Malefetsane 'Stephen' Moerane

Waterford Kamhlaba UWC of SA, '10

Whitman College Class of 2015,

Country: Lesotho


 When I got to Whitman College, I immediately felt at home. The friendly community made it so much easier to blend in and feel welcome. Coming from a United World College, I had expectations of what schooling should be like, and was worried about whether or not these would be met.
It got ingrained in me through UWC life, that education is a force to unite people, nations and cultures for peace and a sustainable future, and I wondered how this motto would be continued as I embarked on a different education system - the Whitman education system.

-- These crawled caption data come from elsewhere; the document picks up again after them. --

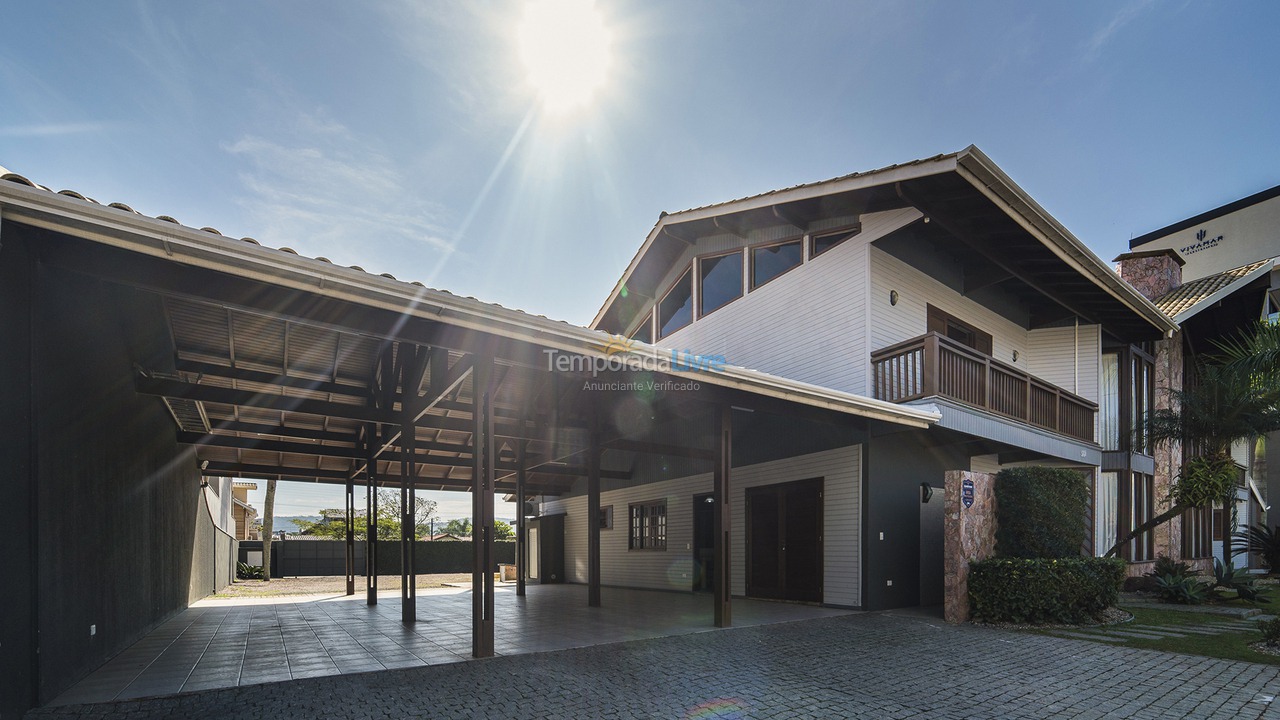 Casa para alquiler de vacaciones em Bombinhas (Canto Grande)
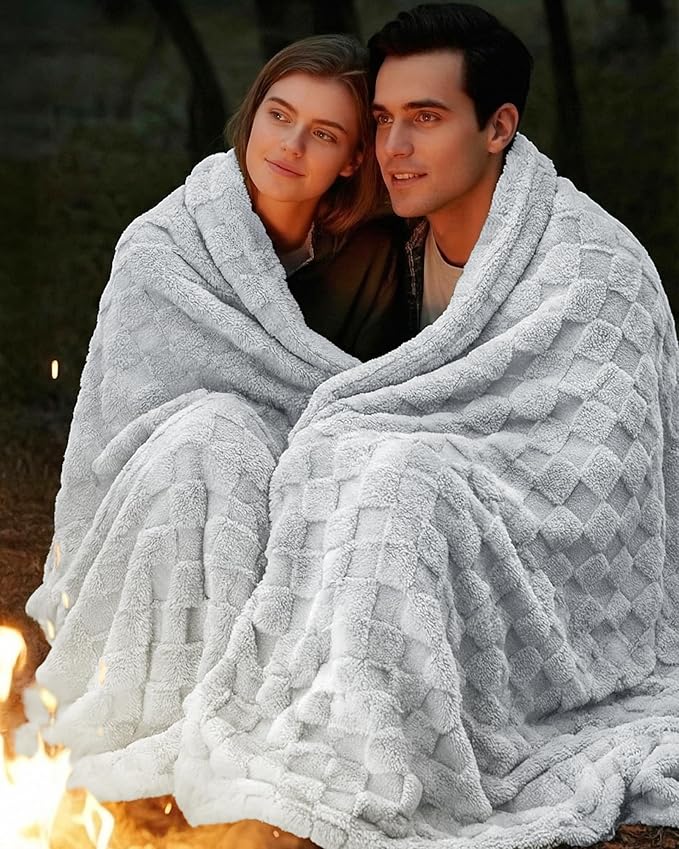 Utopia Bedding Cool Grey Checkered Fleece King Blanket for Couch or Bed, Soft Plush Cozy Blanket for Women and Men, Ultra Comfy Travel-Friendly Bed Throws for Relaxation, 90x102 Inches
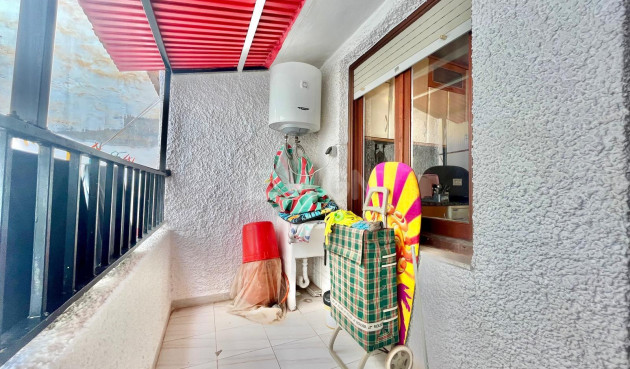Odsprzedaż - Mieszkanie w bloku - Torrevieja - Playa de los Locos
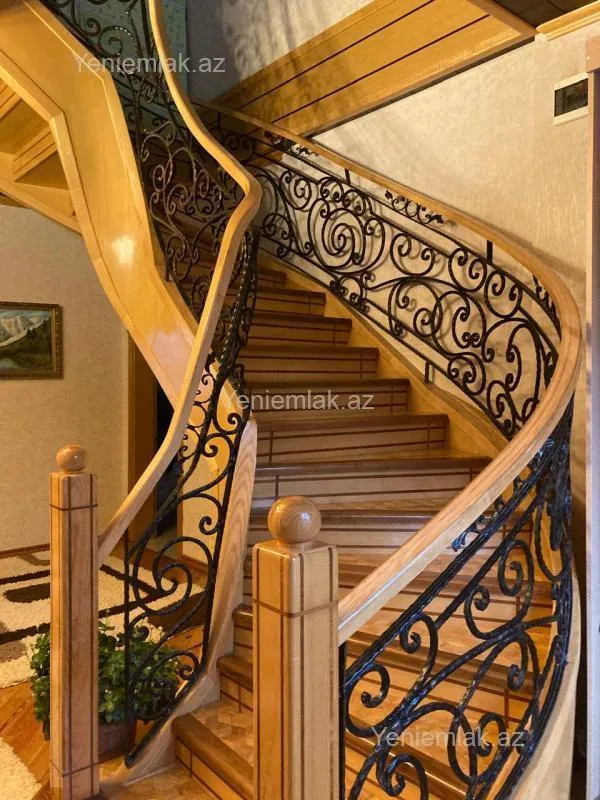 Satılır 8 otaqlı həyət evi 250 m²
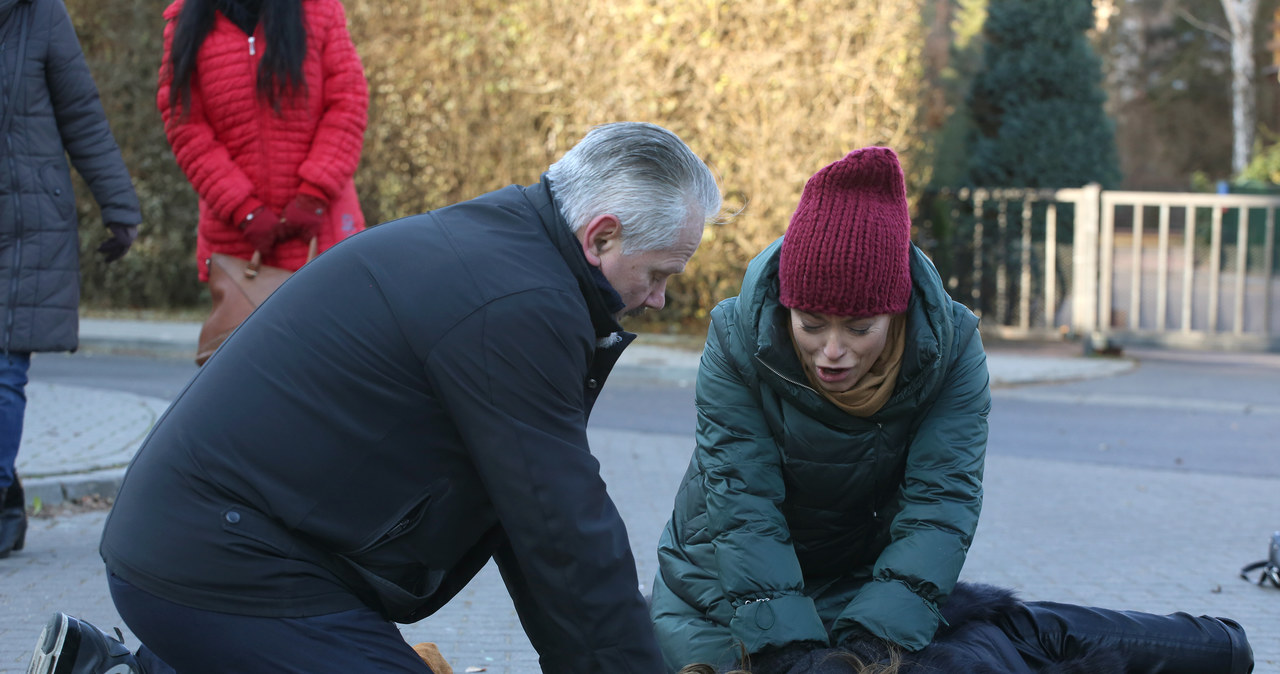 Gdy Anka zostanie potrącona przez samochód, Magda wezwie pogotowie i rozpocznie reanimację /Agencja W. Impact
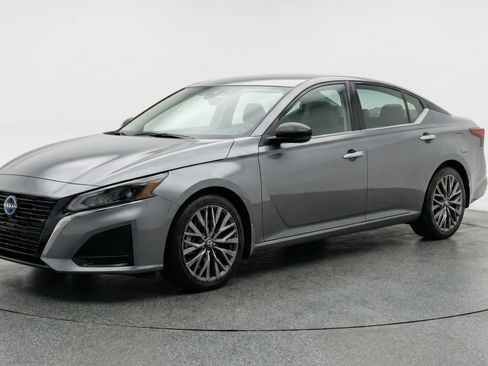 Used 2025 Nissan Altima 2.5 SV image 3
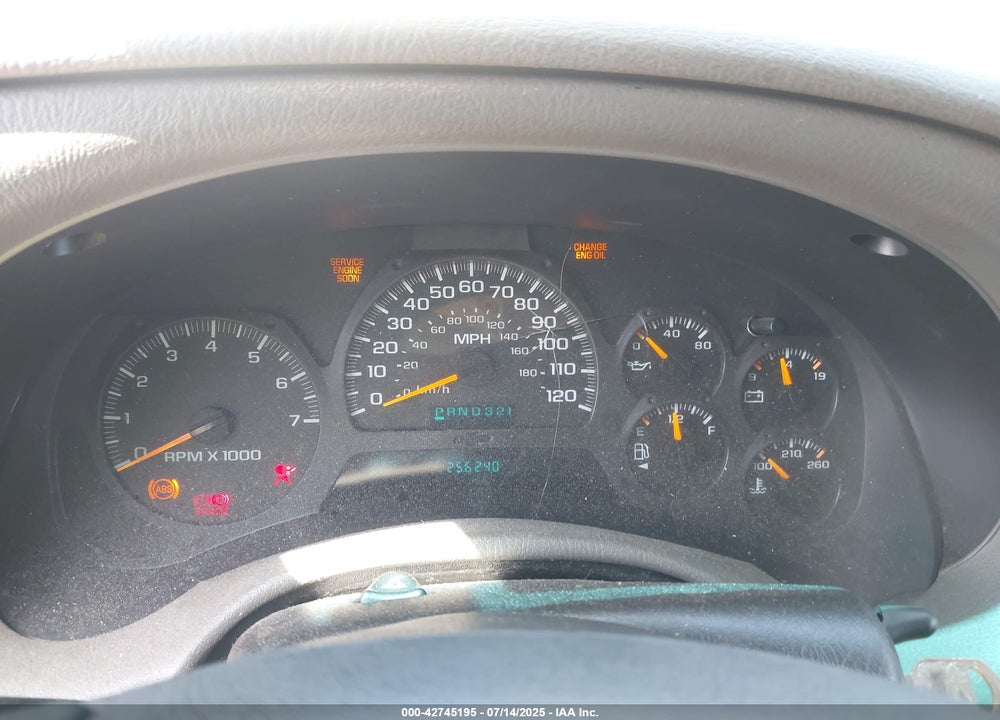 2003 CHEVROLET TRAILBLAZER LS VIN: 1GNDS13SX32298586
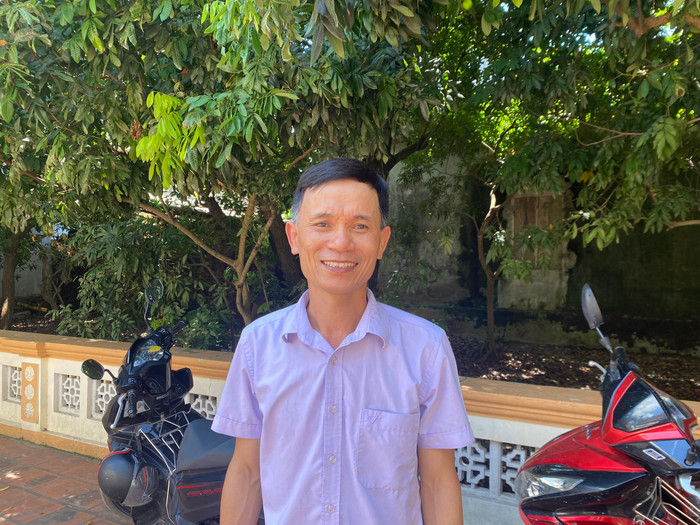 Ông Nguyễn Văn Tôn – bố của Lễ cho biết bố mẹ luôn động viên con trai học tập nhưng không đặt nặng áp lực điểm số, thành tích. (Ảnh: Đức Mạnh) Ông Nguyễn Văn Tôn – bố của Lễ cho biết bố mẹ luôn động viên con trai học tập nhưng không đặt nặng áp lực điểm số, thành tích. (Ảnh: Đức Mạnh)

What I realized as I got into my first class was that we not only have small classes that encourage us to know each other on a personal level, but we are also encouraged to speak up in class because in-class participation is one of the criteria by which we are graded. Few classes at Whitman take on a lecture style, and the majority are of seminar-type, which ensures that the students spearhead discussions with the guidance of professors.
I will admit, I thought that cultural diversity was not very prominent on campus, but I soon realized that diversity comes in many forms; musical talent, religious beliefs and many more, and so students from many backgrounds are united at Whitman.
The wealth of student activities also guarantees a suitable environment for everyone. Take me for example, an individual who likes the idea of sports, but isn’t into competition. We have intramural sports teams in which I can play whenever I want to, but there is no obligation to have daily practice sessions. We also have countless other activities in which I had never even imagined I would want to try. In general, the Whitman community is the surrogate home away from UWC schools.

Stephen Moerane, Waterford Kamhlaba, Whitman Freshman year, Lesotho.